Y los dos salíamos aquel día del cierre de una jornada corta, pero al avanzar hacia la calle Ancha, el adolescente comenzó a tirarme de la camisa, provocando que mi cuerpo sé estrellara contra el suyo. Cósa qué, además de dolorme, me desagradó bastante. Y brúscamente desprendí la manga derecha de mi camisa de sus manos y emprendí una carrera en dirección a la calle Mella.

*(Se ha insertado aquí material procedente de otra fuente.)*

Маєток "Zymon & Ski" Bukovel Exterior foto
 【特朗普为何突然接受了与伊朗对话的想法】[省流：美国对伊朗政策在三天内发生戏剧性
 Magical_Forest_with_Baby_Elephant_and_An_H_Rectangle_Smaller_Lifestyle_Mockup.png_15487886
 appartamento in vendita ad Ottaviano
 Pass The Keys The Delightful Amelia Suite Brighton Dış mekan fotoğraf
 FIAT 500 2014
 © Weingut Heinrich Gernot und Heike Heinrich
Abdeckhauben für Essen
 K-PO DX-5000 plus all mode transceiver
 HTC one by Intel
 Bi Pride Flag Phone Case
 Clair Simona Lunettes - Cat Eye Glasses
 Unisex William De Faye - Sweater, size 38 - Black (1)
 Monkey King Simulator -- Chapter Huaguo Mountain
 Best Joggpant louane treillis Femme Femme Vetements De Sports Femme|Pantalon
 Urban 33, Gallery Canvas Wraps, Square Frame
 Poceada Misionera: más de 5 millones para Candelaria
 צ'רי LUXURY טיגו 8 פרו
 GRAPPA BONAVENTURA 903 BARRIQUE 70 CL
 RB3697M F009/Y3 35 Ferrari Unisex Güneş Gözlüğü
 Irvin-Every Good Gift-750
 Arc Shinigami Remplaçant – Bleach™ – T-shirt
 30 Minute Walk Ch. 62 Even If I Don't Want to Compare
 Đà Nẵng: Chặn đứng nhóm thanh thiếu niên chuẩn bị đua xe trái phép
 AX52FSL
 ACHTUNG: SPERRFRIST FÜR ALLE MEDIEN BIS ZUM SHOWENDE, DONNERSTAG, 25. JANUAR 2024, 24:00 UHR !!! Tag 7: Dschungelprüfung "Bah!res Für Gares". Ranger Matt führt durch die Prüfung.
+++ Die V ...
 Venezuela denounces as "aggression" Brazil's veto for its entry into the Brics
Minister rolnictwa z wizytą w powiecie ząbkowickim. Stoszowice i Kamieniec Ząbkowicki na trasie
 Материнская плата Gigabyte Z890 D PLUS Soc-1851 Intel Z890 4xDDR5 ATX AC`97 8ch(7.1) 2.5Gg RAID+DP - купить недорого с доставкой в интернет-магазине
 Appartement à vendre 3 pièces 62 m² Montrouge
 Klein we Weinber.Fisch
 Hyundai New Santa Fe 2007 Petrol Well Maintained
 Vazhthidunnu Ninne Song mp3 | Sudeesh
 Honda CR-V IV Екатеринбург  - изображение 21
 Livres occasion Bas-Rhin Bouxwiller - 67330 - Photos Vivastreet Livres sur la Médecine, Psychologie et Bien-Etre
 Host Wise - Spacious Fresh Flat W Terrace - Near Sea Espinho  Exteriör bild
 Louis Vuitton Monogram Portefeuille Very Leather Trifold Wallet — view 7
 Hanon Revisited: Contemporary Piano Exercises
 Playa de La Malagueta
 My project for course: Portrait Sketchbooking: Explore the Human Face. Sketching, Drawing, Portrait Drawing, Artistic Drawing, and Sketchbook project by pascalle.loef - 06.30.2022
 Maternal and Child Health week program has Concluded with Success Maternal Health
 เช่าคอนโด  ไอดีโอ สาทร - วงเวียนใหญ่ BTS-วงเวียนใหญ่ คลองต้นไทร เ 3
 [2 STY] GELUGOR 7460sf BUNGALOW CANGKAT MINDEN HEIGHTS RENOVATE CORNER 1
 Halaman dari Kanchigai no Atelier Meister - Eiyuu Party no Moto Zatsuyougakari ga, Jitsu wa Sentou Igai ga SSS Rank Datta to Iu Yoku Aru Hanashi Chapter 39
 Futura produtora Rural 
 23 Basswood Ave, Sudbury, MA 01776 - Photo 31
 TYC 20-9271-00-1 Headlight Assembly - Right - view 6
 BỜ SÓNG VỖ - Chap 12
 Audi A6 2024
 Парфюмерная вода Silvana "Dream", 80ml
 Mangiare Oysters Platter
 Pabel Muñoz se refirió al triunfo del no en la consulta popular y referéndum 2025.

Pero mientras corría escuchaba su burlona carcajada, interrumpida sólo por el grito a toda voz de la frase: 'Cobarde, Péro Compé', qué era una deformación de mi nombre y de mi apellido. Entónces frené, me agaché y recogí del suelo algo parecido a una piedra pómez. La cuál lancé hacia atrás, sin mirar el viaje que iniciaba ella, entre el follaje de los viejos árboles que hacían una sombrilla al centro de la amplia vía.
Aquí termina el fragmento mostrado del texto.